The prevalence of olfactory dysfunction (OD) due to omicron is reduced by 2-fold to 10-fold compared to the previous SARS-CoV-2 variants, varying by ethnic population and region. (A) The reduction of OD due to omicron in direct comparisons within similar populations and regions during the predominance of mostly the delta variant (for specifics of the comparator variants, see Table 2). The size of the light grey box is proportional to the study weight. CI, confidence interval; DL, DerSimonian-Laird method; I², I-squared index, RR, risk ratio. (B) The bar graph summarizes the reduction in prevalence of OD for the direct comparisons from panel A (n=32), and also two indirect comparisons with pooled estimates from previous meta-analyses, von Bartheld et al., 2020 [99], and Mutiawati et al., 2021 [100]. The percent reduction ranges between 2-fold and 10-fold.

Figure 6.

Funnel plots for the Western studies (A) and the studies for all other ethnicities (B) reporting omicron-induced olfactory dysfunction. These are scatterplots of prevalences against their standard errors. The vertical solid line is the estimated effect size; the dotted lines are the corresponding pseudo 95% confidence intervals (CIs). They provide insight into the spread of observed effect sizes. The majority of studies are randomly scattered within the CI region, indicating absence of publication bias for Western studies (A, p=0.591) and for all other ethnicities (B, p=0.703).

Figure 7.

The bar graph shows the differences between ethnicities for omicron’s prevalence of olfactory dysfunction (blue bars), compared with the frequency of the risk allele for olfactory dysfunction in the UGT2A1 locus according to Shelton et al., 2022 [13] (orange bars).
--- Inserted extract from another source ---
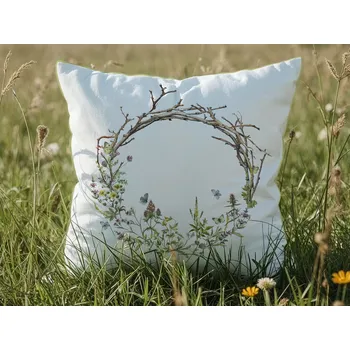 Bytový textil DARRÉ Povlak na polštář Česká krajina - rostlinky Velikost: 40 x 40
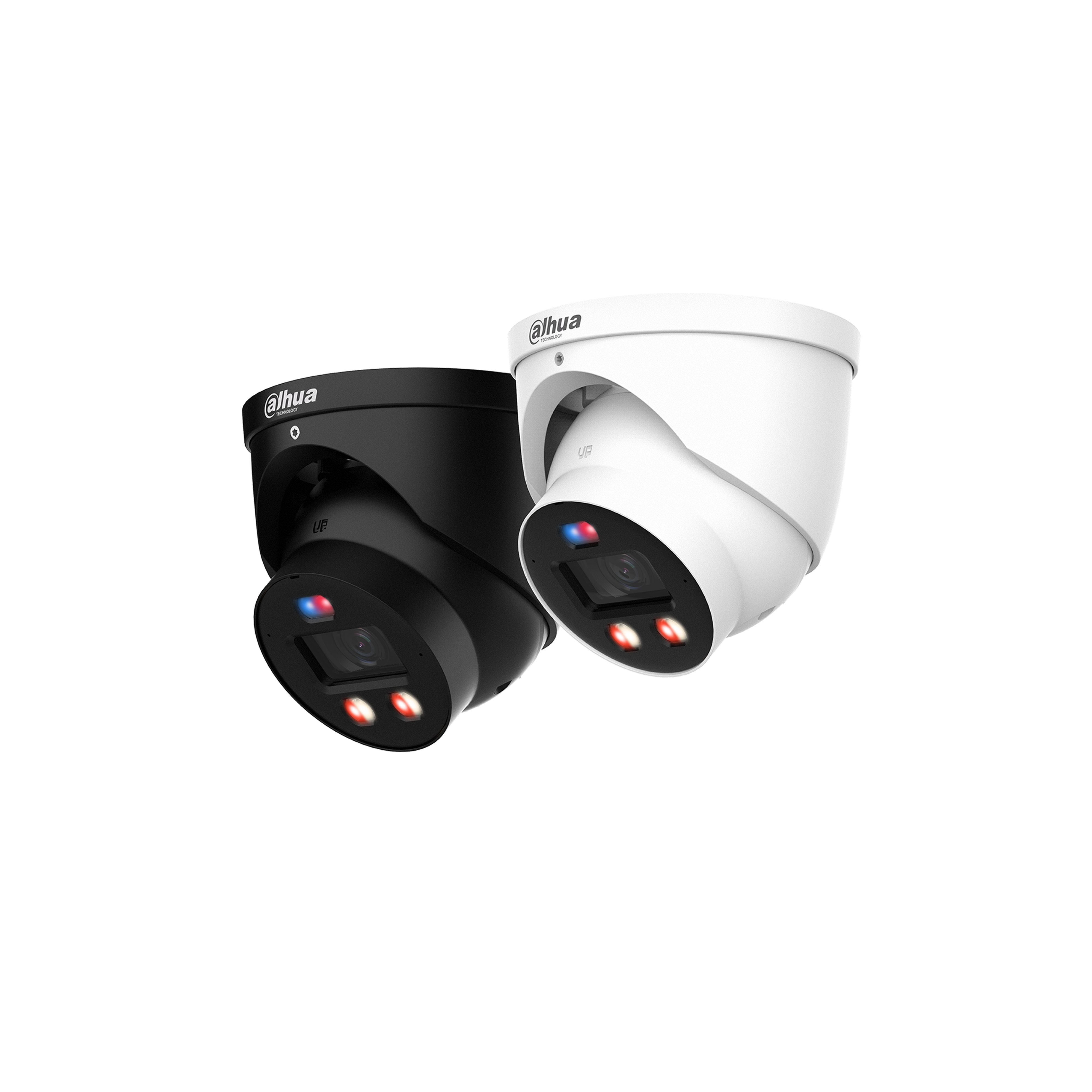Dahua IPC-HDW3849HP-AS-PV-28-S5 Bl – 8MP TIOC 3.0 Turret Camera (Zwart) met Flitslicht, Sirene en 30m Nachtzicht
The blue bars show the pooled estimate for the hyposmia prevalence of the same ethnicities according to our systematic review. Meta regression shows that there is a positive association between the two parameters (p<0.001). The prevalence of olfactory dysfunction is higher in those ethnic populations that have a higher frequency of the risk allele. The two exponential trend lines show this similarity.

Figure 8.

The pooled prevalences of olfactory dysfunction due to omicron (A) and due to other variants (B) in survey-type studies and traditional-design studies for populations of European ancestry. While the pooled estimates are higher in the survey-type studies than in the traditional-design studies,14.2% vs.10.9% for omicron studies (A), and 45.4% vs 36.6% for previous variants (B), meta-regression showed no heterogeneity between the two study types. Confidence intervals for omicron studies (A) were 9.7%–18.7% for survey-type studies, and 9.3%–12.6% for traditional design studies. Confidence intervals for previous variant studies (B) were 22.1%–68.8% for survey-type studies, and 28.4%–44.8% for traditional design studies.